Entry Date:
October 10, 2004

Epigenetic Mechanisms

Principal Investigator Gerald Fink


Many of the cell surface genes that show repeat-size variation also vary epigenetically. Our previous work had shown that FLO11, one of the 22 cell surface genes with repeat-size variation, also varies epigenetically, so that some cells express FLO11 ("on" ) and others did not ("off").

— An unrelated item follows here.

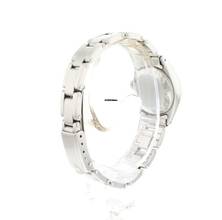 Thumbnail von Rolex Oyster Perpetual 26 Lady 26 Silver Dial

Further studies have made promoter fusions to GFP and URA3 of all 78 genes in the yeast genome that are annotated in SGD as producing a "cell wall localized protein". These are fusions to the initiating ATG in each gene and have only the coding region of the reporter. As controls, we have made promoter fusions to many other housekeeping genes randomly chosen to act as controls. The fusions are then tested to determine whether they variegate by three criteria:

(1) Promoter fusions to URA3 variegate
(2) Promoter fusions to GFP--Clonal analysis by fluorescence microscopy and FACS documents: Heritable change in phenotype transmitted from generation to generation despite identical genotype
(3) Abolition of variegation by trans-acting chromatin factors e.g. histone deacetylases. Remarkably, unlike the controls (genes encoding non-cell wall proteins) many of the genes with internal repeats that we had shown have genetic variation in repeat length, also show epigenetic switching by these criteria.

The variegation of these cell surface proteins is under the control of chromatin binding proteins. Previous work showed that one of these, FLO11, is under the control of a number of trans-acting chromatin binding factors. Knockouts of these factors prevents epigenetic switching and locks the cells into an "on" or "off" expression state.